• **Material for this task**:
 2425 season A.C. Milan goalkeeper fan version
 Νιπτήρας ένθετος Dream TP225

--

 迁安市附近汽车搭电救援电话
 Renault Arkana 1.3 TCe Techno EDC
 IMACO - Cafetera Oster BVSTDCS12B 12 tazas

---

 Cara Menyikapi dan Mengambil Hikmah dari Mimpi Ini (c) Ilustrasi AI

• **Assignment**: Print again the lines of the entries above that fall between the line holding "2425 season A.C." and the line holding "Νιπτήρας ένθετος Dream TP225", inclusive, exactly as they stand.

• **Output**:
 2425 season A.C. Milan goalkeeper fan version
 Νιπτήρας ένθετος Dream TP225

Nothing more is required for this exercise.